Some of the dioramas, such as the depiction of Lone Pine, pre-date the memorial's Canberra building and were originally installed at the Melbourne site.
The memorial wants to bring the galleries up to standards demanded by the public, noting the layout is confusing to visitors as well as being poorly lit and not conforming to building standards.
The public works committee said on Friday it would conduct a public hearing early next year on the $32 million project, in accordance with legislation.
Earlier this year The Canberra Times was first to report that Prime Minister Julia Gillard would commit the money for the project as part of the Anzac Centenary Program 2014-2018.
Ms Gillard reassured the service community the heritage-listed dioramas would be carefully preserved.
The grant will allow the memorial to rearrange the display to put the handmade scenes in chronological order.
The memorial will also use the money to upgrade the entire gallery and introduce computer-based interactive programs.

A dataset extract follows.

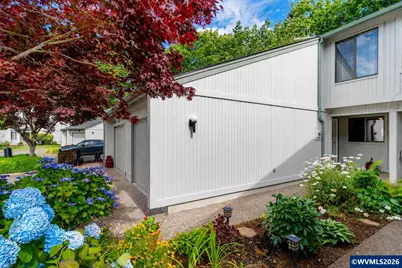 1510 Madras St SE, Salem, OR 97306 - Photo 1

In its submission to the inquiry, the memorial says the World War I galleries in their current form have ''inefficient lighting … [and] a confusing narrative lacking geographical and chronological order''.
Veterans Affairs Minister Warren Snowdon has been made the Minister Assisting the Prime Minister on the Centenary of Anzac to ensure the commemorations are given priority.
He believes the refurbishment of the World War I galleries will be a fitting tribute to the 400,000 Australians who served in that theatre.
The main building of the war memorial was completed in 1941 but it was not until 1971 that the eastern and western wings were added, finally allowing room for adequate display of World War II material.
The dioramas date back to the beginning of the memorial.
One, titled Somme Winter, depicts a trench located west of Gueudecourt, showing the grim conditions in which Australians fought and lived.
The small funk hole, roofed by duckboard and covered with a waterproof sheet, is where the men mostly slept during winter.
The dioramas were first suggested by official war artist Will Dyson and official war historian Charles Bean, to give a more vivid impression of war than conveyed through photographs and paintings.
The memorial says the dioramas were designed to create an emotional account of the experiences of Australians who fought in the First World War.
The First World War galleries are one of the last remaining areas to be redeveloped at the memorial, with work expected to be complete by the end of 2014.